Correspondence to: Seong Woo Jeon, MD, Assistant Professor of Gastroenterology, Kyungpook National University School of Medicine, Daegu 700-721, South Korea. swjeon@knu.ac.kr
Telephone: +82-53-4205512 Fax: +82-53-4268773
Received: October 15, 2009
Revised: June 4, 2010
Accepted: June 11, 2010
Published online: September 16, 2010

Abstract

There has been tremendous progress in endoscopic techniques for the management of premalignant or malignant gastric lesions. Gastric cancer remains the second most common cause of cancer related mortality worldwide. This means that there is a need for early detection and diagnosis of premalignant lesions or early cancer in clinical practice. Despite substantial development of endoscopic resection techniques, the management of gastric premalignant lesions is controversial because of the lack of consensus and accurate risk stratification. Future study of various aspects would clarify these issues but in the meantime we should reconsider the current algorithm approach for the management of gastric low grade dysplasia.

Key Words: Grade dysplasia; Endoscopic resection; Submucosal dissection



INTRODUCTION

Gastric epithelial dysplasia (GED) is defined as noninvasive, neoplastic gastric epithelium. However, the term GED has become progressively complex and confusing because of differences in definitions and nomenclature that have been based on cytological, microscopic, endoscopic or gross features[1]. When the dysplastic lesion is flat or depressed the term dysplasia is used; if protruding from the mucosa, adenoma is used. These terms have been used for indicating the morphological type of the lesion and are considered as having same histology in clinical practice[2,3].

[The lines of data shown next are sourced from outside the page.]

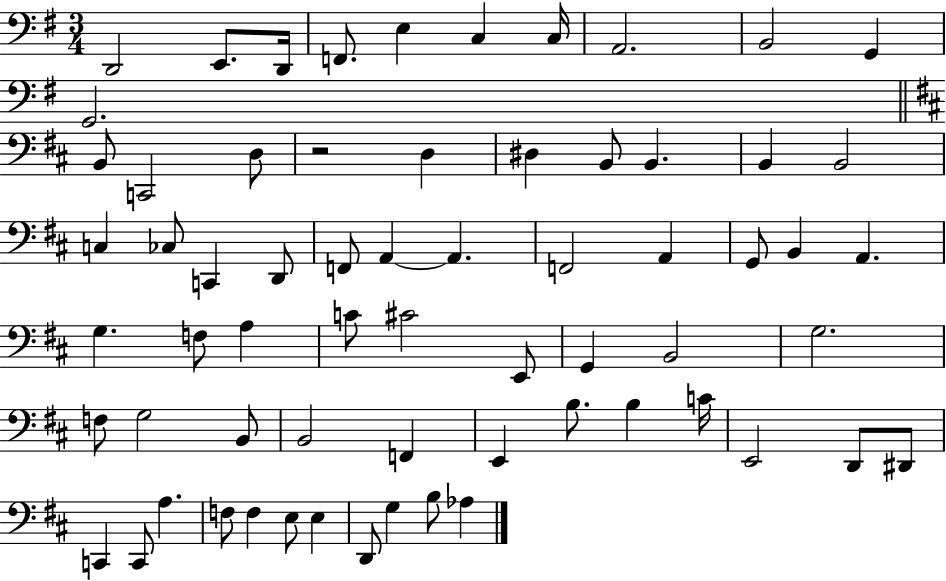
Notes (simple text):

D2/h E2/e. D2/s F2/e. E3/q C3/q C3/s A2/h. B2/h G2/q G2/h. B2/e C2/h D3/e R/h D3/q D#3/q B2/e B2/q. B2/q B2/h C3/q CES3/e C2/q D2/e F2/e A2/q A2/q. F2/h A2/q G2/e B2/q A2/q. G3/q. F3/e A3/q C4/e C#4/h E2/e G2/q B2/h G3/h. F3/e G3/h B2/e B2/h F2/q E2/q B3/e. B3/q C4/s E2/h D2/e D#2/e C2/q C2/e A3/q. F3/e F3/q E3/e E3/q D2/e G3/q B3/e Ab3/q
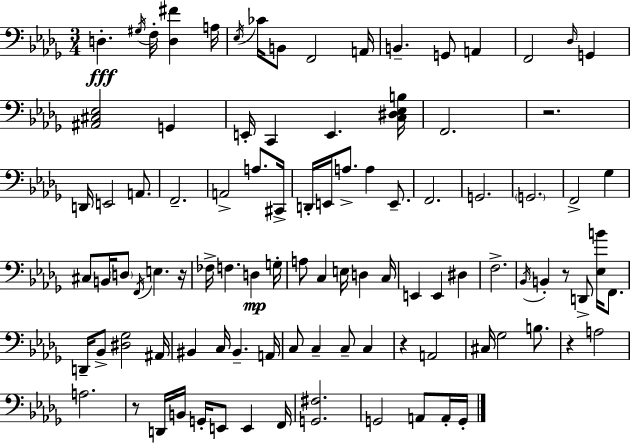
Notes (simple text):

D3/q. G#3/s F3/s [D3,F#4]/q A3/s Eb3/s CES4/s B2/e F2/h A2/s B2/q. G2/e A2/q F2/h Db3/s G2/q [A#2,C#3,Eb3]/h G2/q E2/s C2/q E2/q. [C3,D#3,Eb3,B3]/s F2/h. R/h. D2/s E2/h A2/e. F2/h. A2/h A3/e. C#2/s D2/s E2/s A3/e. A3/q E2/e. F2/h. G2/h. G2/h. F2/h Gb3/q C#3/e B2/s D3/e F2/s E3/q. R/s FES3/s F3/q. D3/q G3/s A3/e C3/q E3/s D3/q C3/s E2/q E2/q D#3/q F3/h. Bb2/s B2/q R/e D2/e [Eb3,B4]/s F2/e. D2/s Bb2/e [D#3,Gb3]/h A#2/s BIS2/q C3/s BIS2/q. A2/s C3/e C3/q C3/e C3/q R/q A2/h C#3/s Gb3/h B3/e. R/q A3/h A3/h. R/e D2/s B2/s G2/s E2/e E2/q F2/s [G2,F#3]/h. G2/h A2/e A2/s G2/s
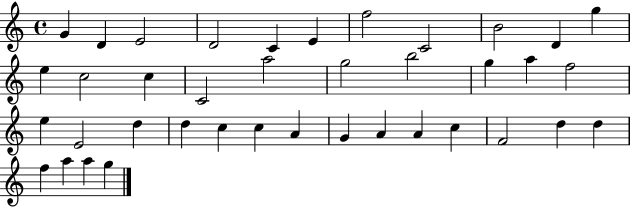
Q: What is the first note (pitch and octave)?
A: G4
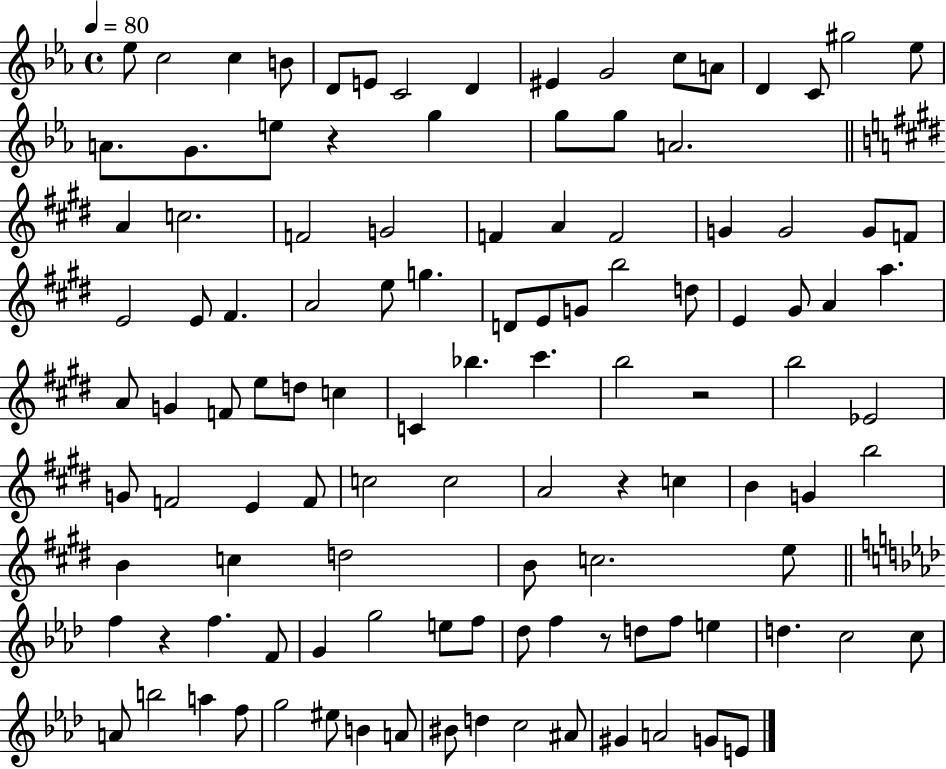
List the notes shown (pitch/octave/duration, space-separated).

Eb5/e C5/h C5/q B4/e D4/e E4/e C4/h D4/q EIS4/q G4/h C5/e A4/e D4/q C4/e G#5/h Eb5/e A4/e. G4/e. E5/e R/q G5/q G5/e G5/e A4/h. A4/q C5/h. F4/h G4/h F4/q A4/q F4/h G4/q G4/h G4/e F4/e E4/h E4/e F#4/q. A4/h E5/e G5/q. D4/e E4/e G4/e B5/h D5/e E4/q G#4/e A4/q A5/q. A4/e G4/q F4/e E5/e D5/e C5/q C4/q Bb5/q. C#6/q. B5/h R/h B5/h Eb4/h G4/e F4/h E4/q F4/e C5/h C5/h A4/h R/q C5/q B4/q G4/q B5/h B4/q C5/q D5/h B4/e C5/h. E5/e F5/q R/q F5/q. F4/e G4/q G5/h E5/e F5/e Db5/e F5/q R/e D5/e F5/e E5/q D5/q. C5/h C5/e A4/e B5/h A5/q F5/e G5/h EIS5/e B4/q A4/e BIS4/e D5/q C5/h A#4/e G#4/q A4/h G4/e E4/e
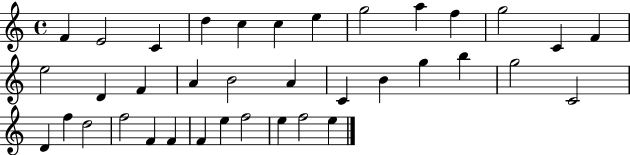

There have been debates about the histological diagnostic criteria for gastric dysplasia or adenoma, especially between pathologists in Japan and the West[4]. The Vienna classification for gastric dysplasia was produced as a consensus for reducing the gap of the discrepancies between Western and Asian pathologists[5]. Ramification of the category according to the diagnostic criteria enabled us to reduce the gap in category 4 (high grade intraepithelial neoplasia, HGD) and 5 (carcinoma). However, discrepancy still exists in category 3 (low grade intraepithelial neoplasia, LGD). Although a designation of low-grade means a comparatively reduced risk of malignant transformation compared to high-grade, it should be kept in mind that a background intestinal metaplasia accompanying low grade dysplasia might be associated with an increased risk of malignancy[6].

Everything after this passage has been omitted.